Write out each line of the records that has "Style" in it.

- [Saved entries]:
┄┄┄┄┄┄┄┄┄┄

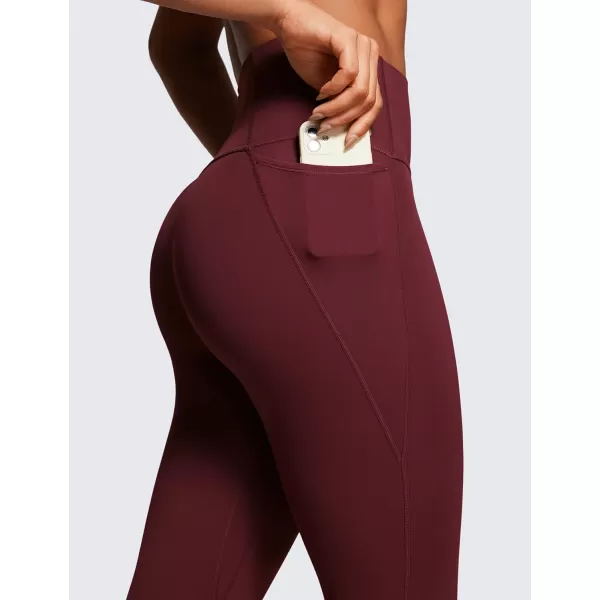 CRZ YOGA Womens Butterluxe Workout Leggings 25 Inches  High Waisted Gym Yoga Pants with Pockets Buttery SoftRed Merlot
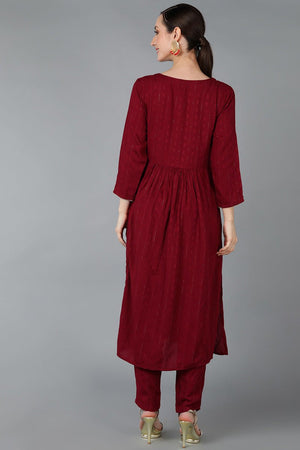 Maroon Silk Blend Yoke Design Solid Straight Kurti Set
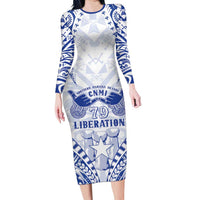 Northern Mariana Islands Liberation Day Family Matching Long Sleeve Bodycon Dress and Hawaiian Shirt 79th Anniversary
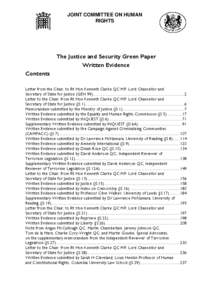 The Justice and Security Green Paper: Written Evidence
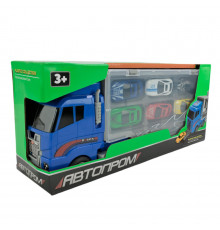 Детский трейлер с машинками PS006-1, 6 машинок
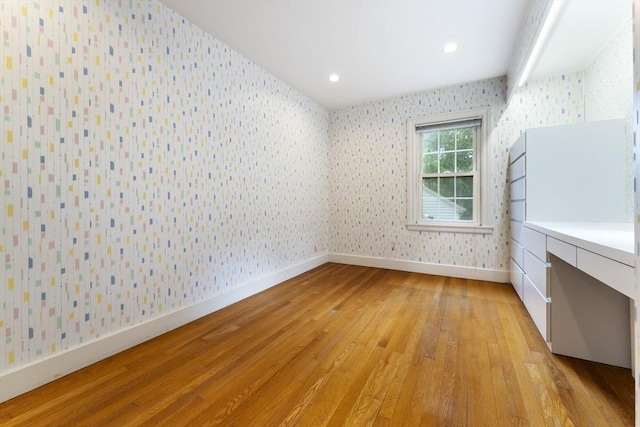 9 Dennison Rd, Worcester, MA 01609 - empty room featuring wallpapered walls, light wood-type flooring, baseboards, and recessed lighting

┄┄┄┄┄┄┄┄┄┄

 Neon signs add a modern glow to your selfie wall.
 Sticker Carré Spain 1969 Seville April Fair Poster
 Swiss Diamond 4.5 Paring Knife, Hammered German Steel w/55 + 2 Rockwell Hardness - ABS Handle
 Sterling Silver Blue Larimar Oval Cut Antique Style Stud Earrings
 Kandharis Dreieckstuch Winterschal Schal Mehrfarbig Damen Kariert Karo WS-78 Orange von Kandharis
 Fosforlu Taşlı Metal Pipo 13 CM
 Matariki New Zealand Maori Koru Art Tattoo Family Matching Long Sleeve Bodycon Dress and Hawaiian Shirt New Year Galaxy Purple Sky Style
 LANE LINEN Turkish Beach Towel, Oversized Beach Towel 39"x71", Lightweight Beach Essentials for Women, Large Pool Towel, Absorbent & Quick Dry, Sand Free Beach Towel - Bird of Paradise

┄┄┄┄┄┄┄┄┄┄

- [Output of the exercise]:
 Sterling Silver Blue Larimar Oval Cut Antique Style Stud Earrings
 Matariki New Zealand Maori Koru Art Tattoo Family Matching Long Sleeve Bodycon Dress and Hawaiian Shirt New Year Galaxy Purple Sky Style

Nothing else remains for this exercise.